--- REQUIRED WORK ---
Begin at the line containing "2nd image of 696 Lilac Ln" in the entries below and end at the line containing "安达Za Priscila Tourist Inn的一间卧室配有一张带蓝色枕头的床。"; transcribe that range exactly and nothing outside it.

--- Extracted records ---

━━━━━━━━━━━━━━━━

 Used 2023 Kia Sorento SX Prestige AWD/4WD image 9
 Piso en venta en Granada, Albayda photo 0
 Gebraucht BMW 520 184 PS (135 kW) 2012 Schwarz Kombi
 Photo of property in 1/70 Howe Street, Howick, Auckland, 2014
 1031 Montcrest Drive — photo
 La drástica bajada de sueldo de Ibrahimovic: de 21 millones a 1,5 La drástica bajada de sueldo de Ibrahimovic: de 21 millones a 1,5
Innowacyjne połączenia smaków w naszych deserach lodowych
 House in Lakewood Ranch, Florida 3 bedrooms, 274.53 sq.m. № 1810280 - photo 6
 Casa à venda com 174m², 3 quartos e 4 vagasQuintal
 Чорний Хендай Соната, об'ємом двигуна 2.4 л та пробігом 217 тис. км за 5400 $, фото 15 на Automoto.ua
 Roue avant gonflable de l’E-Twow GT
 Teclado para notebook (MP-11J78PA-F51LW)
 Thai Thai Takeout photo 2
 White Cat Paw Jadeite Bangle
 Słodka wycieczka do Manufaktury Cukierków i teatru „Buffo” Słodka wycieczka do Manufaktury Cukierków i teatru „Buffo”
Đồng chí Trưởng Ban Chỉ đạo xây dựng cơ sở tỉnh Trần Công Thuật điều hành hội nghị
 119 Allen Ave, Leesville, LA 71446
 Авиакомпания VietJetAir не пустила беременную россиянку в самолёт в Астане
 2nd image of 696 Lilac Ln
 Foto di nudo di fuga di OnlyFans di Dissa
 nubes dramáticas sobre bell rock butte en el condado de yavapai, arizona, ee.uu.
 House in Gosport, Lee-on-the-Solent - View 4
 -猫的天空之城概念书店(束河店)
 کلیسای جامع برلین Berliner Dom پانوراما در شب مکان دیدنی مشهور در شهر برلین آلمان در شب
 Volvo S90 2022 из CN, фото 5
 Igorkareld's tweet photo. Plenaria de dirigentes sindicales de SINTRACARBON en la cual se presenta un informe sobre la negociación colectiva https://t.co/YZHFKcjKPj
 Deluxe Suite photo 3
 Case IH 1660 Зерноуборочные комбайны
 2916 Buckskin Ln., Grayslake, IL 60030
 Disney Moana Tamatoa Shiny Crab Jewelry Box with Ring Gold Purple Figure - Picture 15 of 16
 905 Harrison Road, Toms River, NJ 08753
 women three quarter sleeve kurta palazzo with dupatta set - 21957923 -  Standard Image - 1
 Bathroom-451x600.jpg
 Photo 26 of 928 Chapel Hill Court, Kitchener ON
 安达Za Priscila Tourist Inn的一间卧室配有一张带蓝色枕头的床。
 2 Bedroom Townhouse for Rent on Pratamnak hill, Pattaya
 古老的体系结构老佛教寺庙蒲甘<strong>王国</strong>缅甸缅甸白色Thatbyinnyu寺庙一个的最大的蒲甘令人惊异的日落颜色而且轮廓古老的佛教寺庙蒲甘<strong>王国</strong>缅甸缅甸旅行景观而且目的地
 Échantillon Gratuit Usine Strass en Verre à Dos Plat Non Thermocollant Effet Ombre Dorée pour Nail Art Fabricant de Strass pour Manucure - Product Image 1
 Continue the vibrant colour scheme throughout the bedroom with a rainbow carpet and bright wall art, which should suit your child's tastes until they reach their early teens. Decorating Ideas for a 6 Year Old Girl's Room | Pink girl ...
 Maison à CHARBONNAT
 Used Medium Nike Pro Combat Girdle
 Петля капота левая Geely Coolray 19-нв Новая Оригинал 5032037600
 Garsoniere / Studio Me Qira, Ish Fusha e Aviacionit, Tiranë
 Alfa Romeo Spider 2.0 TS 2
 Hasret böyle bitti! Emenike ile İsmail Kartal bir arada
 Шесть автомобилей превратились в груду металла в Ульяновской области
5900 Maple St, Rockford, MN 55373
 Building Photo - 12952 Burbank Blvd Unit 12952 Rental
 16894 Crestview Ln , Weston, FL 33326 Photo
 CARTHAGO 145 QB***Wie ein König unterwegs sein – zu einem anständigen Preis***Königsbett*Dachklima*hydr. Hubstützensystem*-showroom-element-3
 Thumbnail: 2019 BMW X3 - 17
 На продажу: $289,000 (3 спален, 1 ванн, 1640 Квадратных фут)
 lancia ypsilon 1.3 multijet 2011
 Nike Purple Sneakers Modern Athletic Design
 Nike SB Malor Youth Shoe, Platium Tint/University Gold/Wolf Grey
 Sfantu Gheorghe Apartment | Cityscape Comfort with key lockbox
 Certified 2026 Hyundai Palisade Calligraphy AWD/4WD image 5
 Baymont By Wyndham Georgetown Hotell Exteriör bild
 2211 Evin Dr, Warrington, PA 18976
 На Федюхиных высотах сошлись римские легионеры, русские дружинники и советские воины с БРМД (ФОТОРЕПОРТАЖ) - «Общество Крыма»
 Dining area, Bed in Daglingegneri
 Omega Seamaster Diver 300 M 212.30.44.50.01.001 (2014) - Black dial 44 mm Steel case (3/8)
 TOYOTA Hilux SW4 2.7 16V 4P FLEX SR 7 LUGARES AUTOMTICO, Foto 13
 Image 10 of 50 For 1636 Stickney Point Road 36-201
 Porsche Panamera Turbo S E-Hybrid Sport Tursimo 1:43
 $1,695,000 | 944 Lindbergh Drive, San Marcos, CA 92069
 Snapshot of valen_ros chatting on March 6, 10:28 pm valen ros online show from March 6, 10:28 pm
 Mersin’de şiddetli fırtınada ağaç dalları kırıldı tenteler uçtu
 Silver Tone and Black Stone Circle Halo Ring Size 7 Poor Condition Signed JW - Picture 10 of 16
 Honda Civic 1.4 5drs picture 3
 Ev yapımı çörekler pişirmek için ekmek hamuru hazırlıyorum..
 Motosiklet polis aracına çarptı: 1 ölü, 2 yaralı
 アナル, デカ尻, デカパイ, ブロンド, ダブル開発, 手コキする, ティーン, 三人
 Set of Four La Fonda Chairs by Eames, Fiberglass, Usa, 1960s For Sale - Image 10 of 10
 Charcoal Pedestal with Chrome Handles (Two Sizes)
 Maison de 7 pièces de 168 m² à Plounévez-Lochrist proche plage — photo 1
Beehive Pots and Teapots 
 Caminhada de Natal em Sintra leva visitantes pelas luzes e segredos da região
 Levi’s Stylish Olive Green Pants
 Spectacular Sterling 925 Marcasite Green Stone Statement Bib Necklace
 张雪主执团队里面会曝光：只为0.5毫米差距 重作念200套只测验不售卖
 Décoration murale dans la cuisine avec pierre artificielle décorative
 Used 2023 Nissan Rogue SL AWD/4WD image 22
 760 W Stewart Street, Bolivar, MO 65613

━━━━━━━━━━━━━━━━

--- SOLVED EXERCISE ---
 2nd image of 696 Lilac Ln
 Foto di nudo di fuga di OnlyFans di Dissa
 nubes dramáticas sobre bell rock butte en el condado de yavapai, arizona, ee.uu.
 House in Gosport, Lee-on-the-Solent - View 4
 -猫的天空之城概念书店(束河店)
 کلیسای جامع برلین Berliner Dom پانوراما در شب مکان دیدنی مشهور در شهر برلین آلمان در شب
 Volvo S90 2022 из CN, фото 5
 Igorkareld's tweet photo. Plenaria de dirigentes sindicales de SINTRACARBON en la cual se presenta un informe sobre la negociación colectiva https://t.co/YZHFKcjKPj
 Deluxe Suite photo 3
 Case IH 1660 Зерноуборочные комбайны
 2916 Buckskin Ln., Grayslake, IL 60030
 Disney Moana Tamatoa Shiny Crab Jewelry Box with Ring Gold Purple Figure - Picture 15 of 16
 905 Harrison Road, Toms River, NJ 08753
 women three quarter sleeve kurta palazzo with dupatta set - 21957923 -  Standard Image - 1
 Bathroom-451x600.jpg
 Photo 26 of 928 Chapel Hill Court, Kitchener ON
 安达Za Priscila Tourist Inn的一间卧室配有一张带蓝色枕头的床。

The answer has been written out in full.